Brandon

Thursday, February 09, 2006

Politics at Funerals? Or Only Approved Politics?

Nearly everyone with a sense of taste and propriety was offended at the political insults directed at President Bush as he attended the funeral of Coretta Scott King.

President Carter took this classless dig at President Bush: "Both husband and wife violated as they became the targets of secret government wiretapping and other surveillance." No one can be in any doubt as to why he chose to bring up that subject, considering the controversy of the NSA program to monitor terrorist communications.

One of Mike's America liberal apologists insisted that "it is appropriate to talk about politics at a politcal funeral."

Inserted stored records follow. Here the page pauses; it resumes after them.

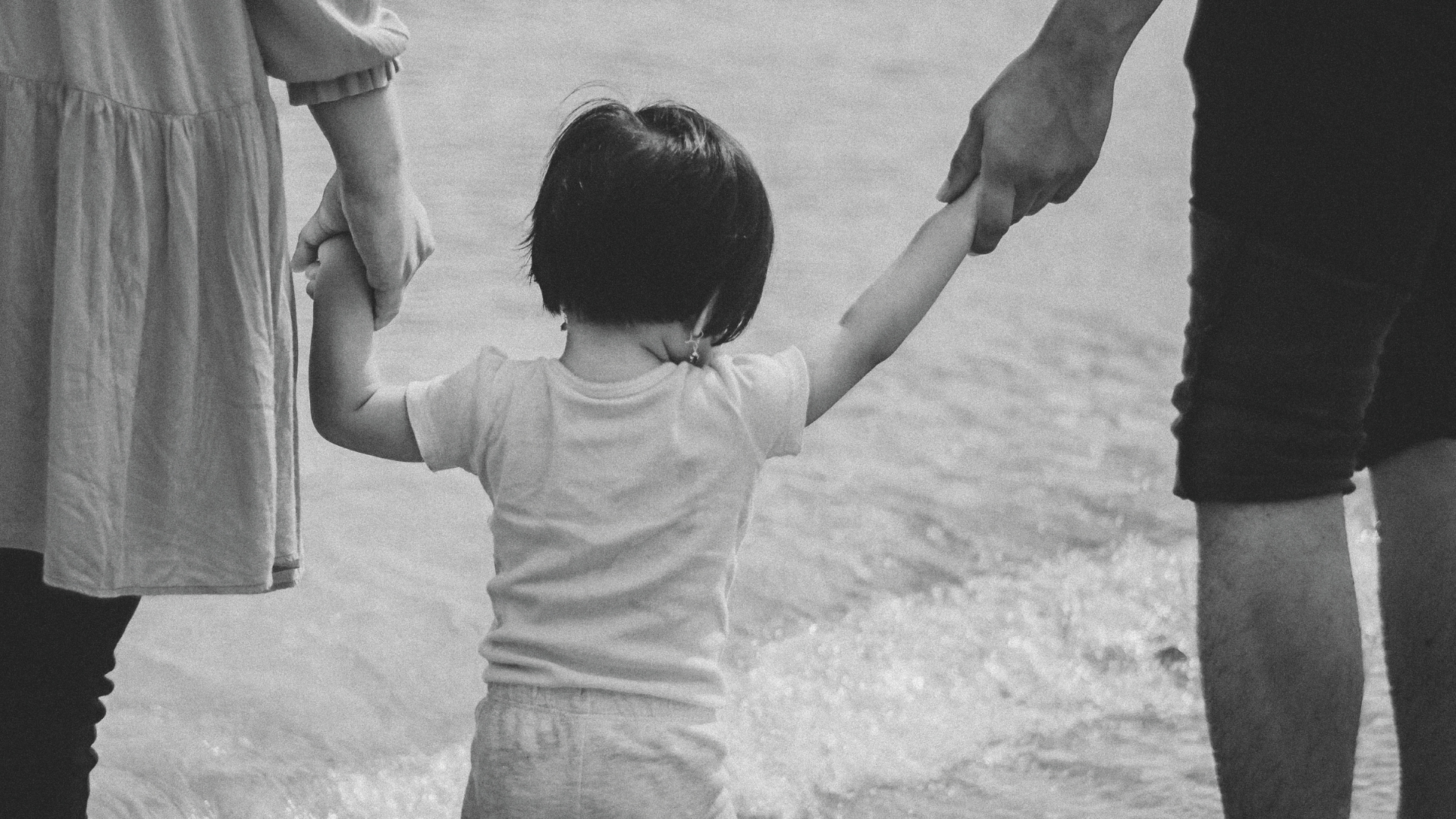 Ein Kind wird links und rechts an der Hand gehalten und geht einen Strand entlang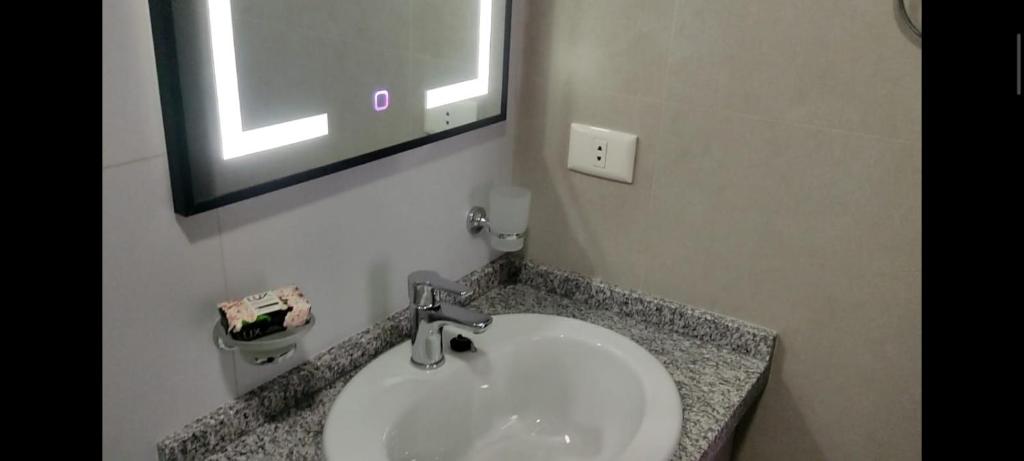 ein Bad mit einem Waschbecken, einem Spiegel und einem Fenster in der Unterkunft Departamento Ambar in Cochabamba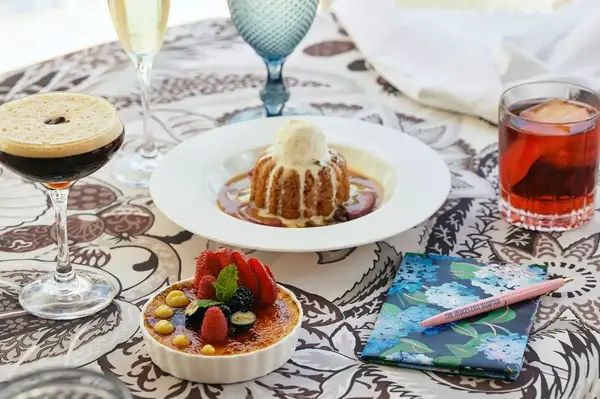 An arrangement of desserts and drinks on a decorated table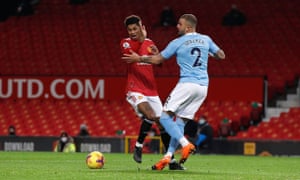 Manchester United’s Marcus Rashford is fouled by Manchester City’s Kyle Walker in the penalty area.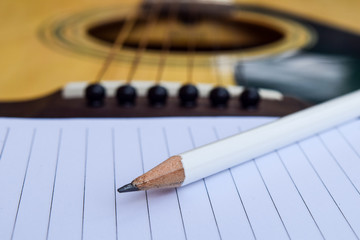 Fototapeta premium Guitar and Blank notepad with pencil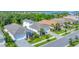 Beautiful street view of well-maintained homes with lush landscaping and well manicured lawns near the water at 8069 Tidal Pointe Way, Sarasota, FL 34240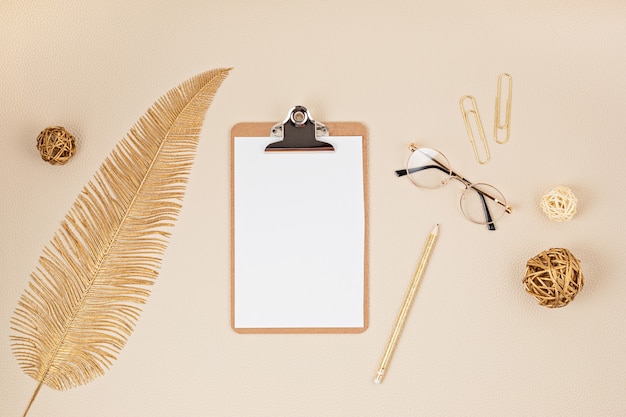 Vue de dessus sur le bureau avec bloc-notes, lunettes et accessoires dorés. Bureau à domicile, femme d'affaires, concept d'espace de travail élégant.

Well what then would be the reaction, both in the hall and in all of the "mainstream" media if President Bush had used the occasion to say something like the following:

"Martin Luther King's telephone was bugged by the FBI with the approval of the Attorney General, Bobby Kennedy, the brother of then President John F. Kennedy. We live in a very different world today, where additional safeguards are in place to assure that no American needs to fear such unwarranted intrusion of their civil liberties."

Chalk this episode up as yet another example of the very real differences in both style and tone between the two political parties. Just as with demonstrated differences of conduct and ethics; don't let the relativists try and sell that sour milk "both parties are just as bad" anymore.

One more example before we leave this subject.

Readers will recall the outrage that drove Senate Majority Leader from his leadership position after he made a flattering remark to Senator Strom Thurmond, on the occasion of his 100th birtday.

And yet Hillary Clinton, who stood center stage this week at the King funeral was among those in November honoring Senator Robert Byrd, former Exalted Cyclops and Kleagle of the Ku Klux Klan (read "A Senator's Shame" in the Washington Post for more). Honoring a former Klansmen is one thing, but to do so in the historic home of Frederick Douglas, a former slave is quite another.

Democrats: No class. No sense of propriety. And no rules apply to their conduct.